Where to begin?

There were so many interesting things buried in the proxy that HomeBanc (HMB) filed on Friday that it’s hard to know where to begin. Back in 2003, when it purchased the Jacksonville home of newly hired executive Kevin Race for $1.7 million, the company, which happens to be in the mortgage origination business, said it relied on two independent appraisals to set the price. But last year, the company was only able to sell the house for $1.45 million. That $250K loss combined with the $175K the company said it spent on “other costs associated with this transaction” seems particularly unusual given how real estate prices are rising in Northeast Florida, where various studies put Jacksonville in the top 20 for housing appreciation, including one study that showed prices climbing over 60% between 1997 and 2004. So how did HomeBanc wind up losing money on Race’s home?
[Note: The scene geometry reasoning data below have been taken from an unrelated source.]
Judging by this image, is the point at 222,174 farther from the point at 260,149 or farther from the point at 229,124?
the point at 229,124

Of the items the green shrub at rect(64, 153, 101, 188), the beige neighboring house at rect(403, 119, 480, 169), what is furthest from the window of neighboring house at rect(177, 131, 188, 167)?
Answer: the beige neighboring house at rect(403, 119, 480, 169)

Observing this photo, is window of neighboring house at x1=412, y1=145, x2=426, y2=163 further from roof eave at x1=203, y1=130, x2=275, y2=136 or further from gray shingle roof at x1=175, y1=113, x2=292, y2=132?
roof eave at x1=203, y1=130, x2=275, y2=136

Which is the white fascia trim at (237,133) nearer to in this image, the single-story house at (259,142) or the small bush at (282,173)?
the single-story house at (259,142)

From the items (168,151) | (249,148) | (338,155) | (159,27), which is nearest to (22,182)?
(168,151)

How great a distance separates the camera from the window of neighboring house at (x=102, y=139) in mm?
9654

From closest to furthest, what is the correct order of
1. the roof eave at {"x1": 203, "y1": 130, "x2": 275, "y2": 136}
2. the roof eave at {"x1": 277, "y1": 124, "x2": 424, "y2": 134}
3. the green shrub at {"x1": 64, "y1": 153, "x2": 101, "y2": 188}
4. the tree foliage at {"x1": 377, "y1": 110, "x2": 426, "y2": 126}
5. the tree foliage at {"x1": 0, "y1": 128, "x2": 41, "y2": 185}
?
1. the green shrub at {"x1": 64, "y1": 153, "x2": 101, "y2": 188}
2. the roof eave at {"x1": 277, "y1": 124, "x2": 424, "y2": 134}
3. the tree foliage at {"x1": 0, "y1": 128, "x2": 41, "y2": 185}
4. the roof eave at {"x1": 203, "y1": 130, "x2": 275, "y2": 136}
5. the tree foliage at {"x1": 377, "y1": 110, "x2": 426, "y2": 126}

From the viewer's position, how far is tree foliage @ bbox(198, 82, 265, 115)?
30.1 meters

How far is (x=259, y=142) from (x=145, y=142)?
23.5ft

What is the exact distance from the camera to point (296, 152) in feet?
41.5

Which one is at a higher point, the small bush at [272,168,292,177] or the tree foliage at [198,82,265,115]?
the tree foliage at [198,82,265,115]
The proxy doesn’t provide any details. Not to mention that the numbers in HomeBanc’s K are slightly different than those in the proxy for the same exact deal. In the K, the company says it lost $300K and spent another $200K on other costs, or nearly 20% more than the amount it says it lost in the proxy.
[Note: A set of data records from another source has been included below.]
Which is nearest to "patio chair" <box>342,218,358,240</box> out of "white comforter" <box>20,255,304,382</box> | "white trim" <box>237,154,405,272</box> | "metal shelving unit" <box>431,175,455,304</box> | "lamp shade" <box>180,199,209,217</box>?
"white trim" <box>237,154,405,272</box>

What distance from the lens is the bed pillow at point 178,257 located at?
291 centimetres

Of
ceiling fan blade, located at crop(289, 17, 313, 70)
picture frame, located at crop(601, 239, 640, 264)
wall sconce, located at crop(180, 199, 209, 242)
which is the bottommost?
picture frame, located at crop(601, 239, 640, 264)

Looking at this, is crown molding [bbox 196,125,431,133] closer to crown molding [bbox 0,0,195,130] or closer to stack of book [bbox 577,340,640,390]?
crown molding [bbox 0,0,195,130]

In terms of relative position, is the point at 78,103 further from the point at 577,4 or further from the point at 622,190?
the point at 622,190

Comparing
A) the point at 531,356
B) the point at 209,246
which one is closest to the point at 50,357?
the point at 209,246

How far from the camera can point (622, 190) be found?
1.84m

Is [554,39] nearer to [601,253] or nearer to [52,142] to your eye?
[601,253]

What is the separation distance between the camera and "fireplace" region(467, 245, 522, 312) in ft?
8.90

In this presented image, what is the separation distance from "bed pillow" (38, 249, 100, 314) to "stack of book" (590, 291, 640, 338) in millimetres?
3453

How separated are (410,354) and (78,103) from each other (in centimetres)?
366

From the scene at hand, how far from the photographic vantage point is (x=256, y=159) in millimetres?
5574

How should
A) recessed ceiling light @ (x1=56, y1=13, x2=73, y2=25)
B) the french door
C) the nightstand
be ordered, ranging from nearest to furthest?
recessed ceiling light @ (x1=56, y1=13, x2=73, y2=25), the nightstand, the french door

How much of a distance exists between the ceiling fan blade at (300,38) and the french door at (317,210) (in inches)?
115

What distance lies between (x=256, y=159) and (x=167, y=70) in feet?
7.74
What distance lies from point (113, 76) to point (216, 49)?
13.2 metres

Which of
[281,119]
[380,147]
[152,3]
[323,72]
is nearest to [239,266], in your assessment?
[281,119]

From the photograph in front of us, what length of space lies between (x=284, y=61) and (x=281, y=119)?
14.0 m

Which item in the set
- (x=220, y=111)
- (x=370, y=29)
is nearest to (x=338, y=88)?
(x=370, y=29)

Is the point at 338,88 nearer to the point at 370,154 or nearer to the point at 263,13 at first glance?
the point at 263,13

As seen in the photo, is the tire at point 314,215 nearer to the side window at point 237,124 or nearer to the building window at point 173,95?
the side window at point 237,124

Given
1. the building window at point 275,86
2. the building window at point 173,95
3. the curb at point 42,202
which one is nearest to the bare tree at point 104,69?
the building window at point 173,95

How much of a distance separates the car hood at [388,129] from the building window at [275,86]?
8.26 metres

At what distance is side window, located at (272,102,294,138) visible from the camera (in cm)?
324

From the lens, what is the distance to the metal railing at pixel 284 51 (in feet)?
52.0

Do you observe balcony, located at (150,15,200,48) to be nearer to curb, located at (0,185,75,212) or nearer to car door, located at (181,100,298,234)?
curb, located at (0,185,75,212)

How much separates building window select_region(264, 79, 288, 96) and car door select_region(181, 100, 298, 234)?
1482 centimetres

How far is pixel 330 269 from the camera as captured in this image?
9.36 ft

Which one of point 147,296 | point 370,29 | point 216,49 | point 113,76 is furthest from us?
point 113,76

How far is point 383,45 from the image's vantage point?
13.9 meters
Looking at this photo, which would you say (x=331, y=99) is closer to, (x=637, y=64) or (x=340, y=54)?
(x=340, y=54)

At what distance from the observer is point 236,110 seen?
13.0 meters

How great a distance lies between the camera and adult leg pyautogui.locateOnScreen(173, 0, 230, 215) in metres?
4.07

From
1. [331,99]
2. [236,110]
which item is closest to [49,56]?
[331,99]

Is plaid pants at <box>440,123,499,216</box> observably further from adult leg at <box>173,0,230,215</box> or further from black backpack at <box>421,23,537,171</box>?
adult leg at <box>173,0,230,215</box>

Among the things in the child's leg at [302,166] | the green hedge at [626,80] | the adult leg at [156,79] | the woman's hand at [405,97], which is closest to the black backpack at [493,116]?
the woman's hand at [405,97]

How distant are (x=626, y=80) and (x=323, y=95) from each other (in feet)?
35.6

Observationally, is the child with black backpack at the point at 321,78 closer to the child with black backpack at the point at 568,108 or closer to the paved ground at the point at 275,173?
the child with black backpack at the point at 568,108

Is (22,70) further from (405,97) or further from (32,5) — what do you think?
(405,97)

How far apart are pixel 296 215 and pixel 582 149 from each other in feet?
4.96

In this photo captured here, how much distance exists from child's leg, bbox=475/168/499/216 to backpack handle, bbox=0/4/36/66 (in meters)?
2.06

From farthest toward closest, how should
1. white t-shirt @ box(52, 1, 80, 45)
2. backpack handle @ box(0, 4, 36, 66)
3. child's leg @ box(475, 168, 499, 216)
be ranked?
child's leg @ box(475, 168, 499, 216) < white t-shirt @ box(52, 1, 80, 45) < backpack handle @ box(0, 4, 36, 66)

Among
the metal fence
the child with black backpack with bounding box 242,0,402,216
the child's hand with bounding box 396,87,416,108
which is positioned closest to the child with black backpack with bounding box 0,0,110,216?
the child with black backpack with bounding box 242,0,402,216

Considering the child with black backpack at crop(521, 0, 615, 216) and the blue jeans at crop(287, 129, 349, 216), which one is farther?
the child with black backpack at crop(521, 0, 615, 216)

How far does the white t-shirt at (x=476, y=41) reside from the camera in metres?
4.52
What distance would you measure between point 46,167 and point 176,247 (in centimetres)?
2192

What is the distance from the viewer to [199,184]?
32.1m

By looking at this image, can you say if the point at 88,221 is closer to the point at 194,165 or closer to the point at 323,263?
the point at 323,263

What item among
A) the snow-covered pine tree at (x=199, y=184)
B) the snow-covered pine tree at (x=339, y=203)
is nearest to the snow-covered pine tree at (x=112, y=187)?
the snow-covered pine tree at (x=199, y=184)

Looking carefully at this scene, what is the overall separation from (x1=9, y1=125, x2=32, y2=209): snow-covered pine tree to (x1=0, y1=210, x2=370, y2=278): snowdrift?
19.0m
A few other things in the proxy also jumped out: more than 30% of the options doled out last year went to Race, who is the company’s president and CFO, and Patrick Flood, Chairman and CEO. That’s on top of hefty retention bonuses — $400K to Flood and $250K to Race — paid in June 2004 for the “extraordinary efforts and numerous changes” because of the company’s IPO last July. And then there’s the lawsuit currently pending in the Southern District of New York that claims Race violated federal securities laws related to mortgage servicing rights back when he worked for HomeSide Lending in Jacksonville and presumably lived in what became that rapidly depreciating home. HomeBanc doesn’t say whether it’s covering Race’s legal bills, but it’s a pretty safe bet that they are. Meanwhile, the stock is trading only slightly higher than the $7.50 it went public at, which given the hot real estate market, seems to indicate that all of these self-enrichment deals are taking attention away from the company’s real business.